Numerical Simulation of the Stability of Low Viscosity Ratio Viscoelastic Lid-Driven Cavity Flow Based on the Log-Conformation Representation (LCR) Algorithm

Log-Conformation Representation (LCR) method effectively enhances the stability of viscoelastic fluid flow driven by a cavity at high Wi numbers. However, its stability is relatively poor under low viscosity ratio conditions. In this study, three momentum equation stabilization algorithms (Both-Sides-Diffusion, Discrete Elastic Viscous Split Stress-Vorticity, and velocity–stress coupling) were tested and compared in OpenFOAM to assess their stabilizing effects on the LCR method under low viscosity ratio conditions. The evaluation was based on changes in average kinetic energy and the maximum critical time step. The results indicate that the different momentum equation stabilization algorithms improve the numerical oscillations observed in the numerical simulation of low viscosity ratio cavity-driven flow to varying extents. This enables a reduction in the viscosity ratio that can be stably simulated by 0.03 to 0.15. Furthermore, these cases using the momentum equation stabilization algorithms require time steps that are 33% to 100% shorter than those of the original cases.
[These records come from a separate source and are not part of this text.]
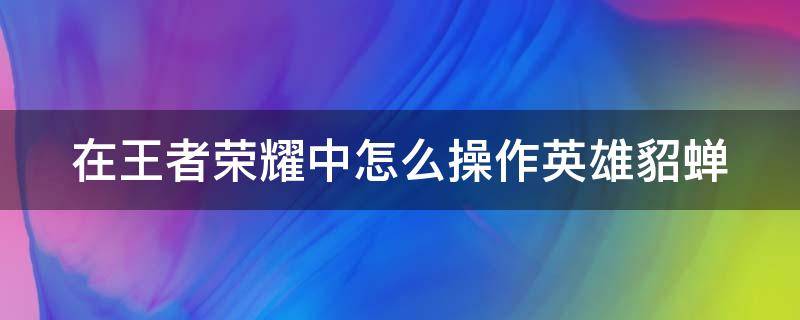 在王者荣耀中怎么操作英雄貂蝉 王者怎么玩貂蝉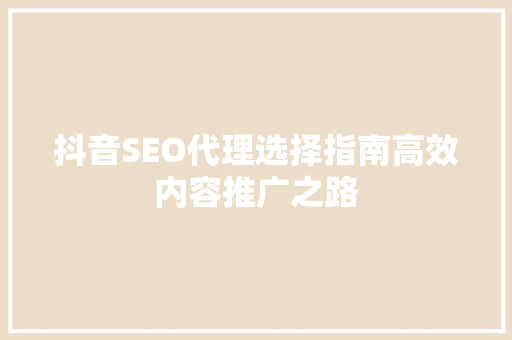 抖音SEO代理选择指南高效内容推广之路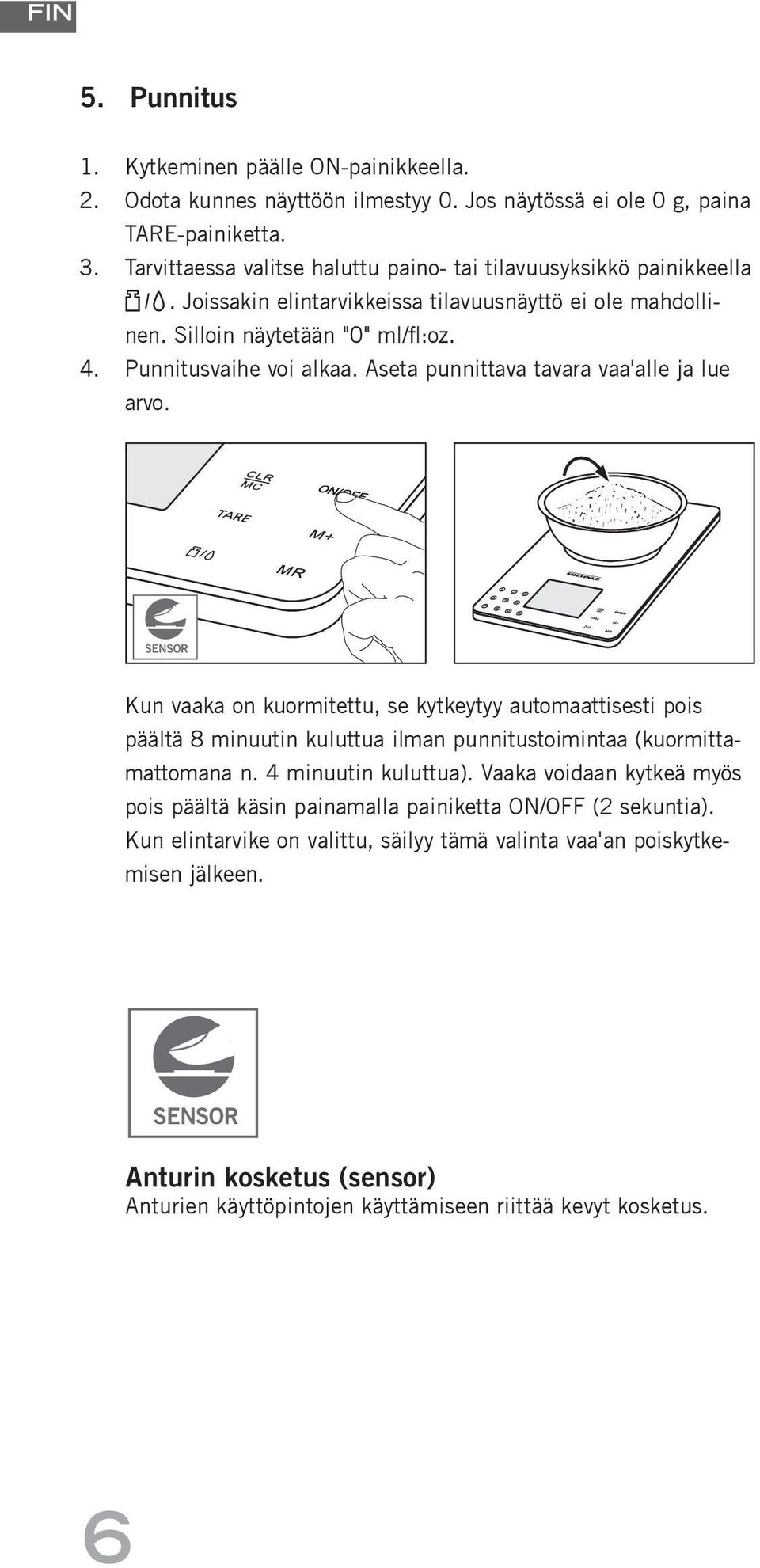 Aseta punnittava tavara vaa'alle ja lue arvo. SENSOR Kun vaaka on kuormitettu, se kytkeytyy automaattisesti pois päältä 8 minuutin kuluttua ilman punnitustoimintaa (kuormittamattomana n.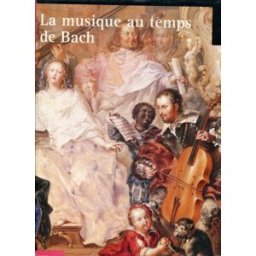 Histoire illustrée de la musique. Vol. 1. La Musique au temps de Jean-Sébastien Bach collectif Bordas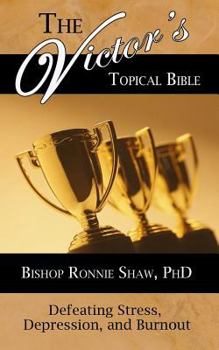 Paperback The Victor's Topical Bible: Defeating Stress, Depression, and Burnout Book
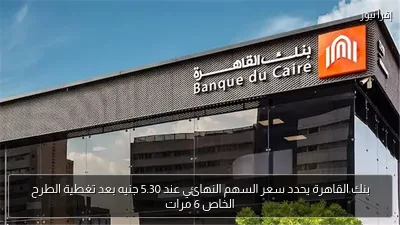 بنك القاهرة يحدد سعر السهم النهائي عند 5.30 جنيه بعد تغطية الطرح الخاص 6 مرات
This demonstrates the promoting effect of the additional diffusion term in the momentum equation on stability under low viscosity ratio conditions. The combination of LCR and velocity–stress coupling was used to analyze the impact of viscosity ratios on velocity, logarithmic conformation tensor, and average kinetic energy. As the viscosity ratio decreases, the contribution of fluid elasticity increases, resulting in more pronounced variations in velocity and stress. However, the viscosity ratio has little effect on the stress boundary layer at the top cover and corners. Under conditions with the same Wi number, the average kinetic energy decreases as the viscosity ratio decreases until stability is achieved.